The women’s group shows them being yelled at, slapped around (Lyn receives an especially heavy blow) and humiliated by trainer Jordan Carelli, who confronts and berates them for their failures as wives and mothers to “…relieve people of their hang-ups”. As the training proceeds, several seminar executives and their wives lose their inhibitions in the "consciousness-raising" coursework, and claim they have had a breakthrough. Back in the men’s group, Bianca accuses the accountant Ted of being a self-sacrificing martyr and coward with delusions of superiority, then orders him beaten by the other men and tied to a cross. This proves too much for Jack and he decides he cannot be a party to the violence and physical abuse.

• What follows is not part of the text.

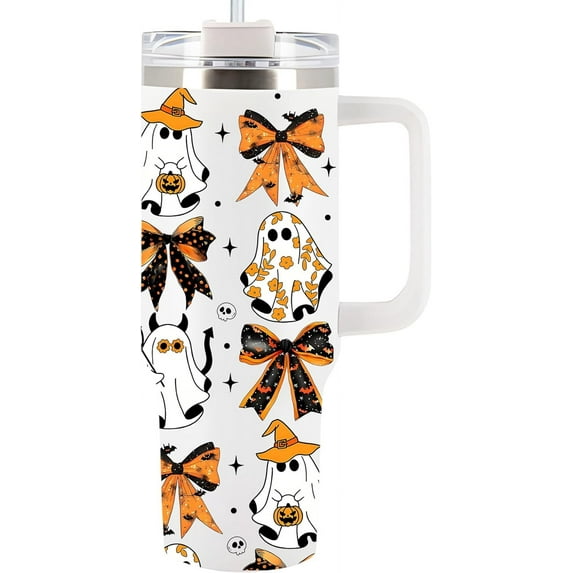Halloween Tumbler 40Oz With Handle For Men, Women - Spirit Halloween Cup For Mom, Dad, Sister -Funny Spooky Gift, Halloween Kitchen Decor, Ghost Tumbler For Friend, Coworker (Orange Coquette Bow)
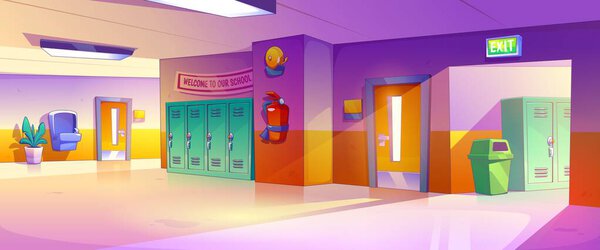 Empty school corridor with lockers and classroom doors, welcome banner and bell on wall, fire extinguisher and hand wash basin, trash bin and plant in pot. Cartoon vector college hallway lobby.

Jack and Lyn decide to escape, but they are caught by Bianca and the other participants (many who sport bruises but are now enthusiastic acolytes) and taken to the room where Ted remains tied to a cross. Bianca accuses Jack of being a quitter, too distracted to stay at any one school or job for any meaningful length of time. Lyn is stripped to her underwear and restrained at one end of the room. Bianca will permit the couple to leave if Jack can successfully fight his way past all the others and get to Lyn. Jack succeeds and declares he feels incredible and successful as the others applaud while Lyn stands by dismayed. Bianca declares his future secure. But Jack then grabs Bianca, chokingly restrains her with the cane and declares the whole thing as a fraud that doesn’t work because no one has changed: Buddy is still gorging on sneaked food and Ben is still secretly drinking. Bianca allows the couple to leave along with Ted and his wife. After they are gone, Bianca announces that Jack has passed the training and is now a true leader.

==Cast==
- Yvette Mimieux as Bianca Ray
- Christopher Allport as Jack Nilsson
- Cindy Pickett as Lyn Nilsson
- John Considine as Jordan Carelli
- Walter Olkewicz as Buddy Gordon
- Scott Marlowe as Ted Bartel
- Hugh Gillin as Ben Davis
- Leo Rossi as Chris Morris
- Carmen Argenziano as Tony Annese
- David Susskind as Himself

==Reception==
The film won a Dramatic Films Award at the 1982 Sundance Film Festival (then called the U.S. Film Festival). Circle of Power played under the title Mystique at the 1981 Chicago International Film Festival.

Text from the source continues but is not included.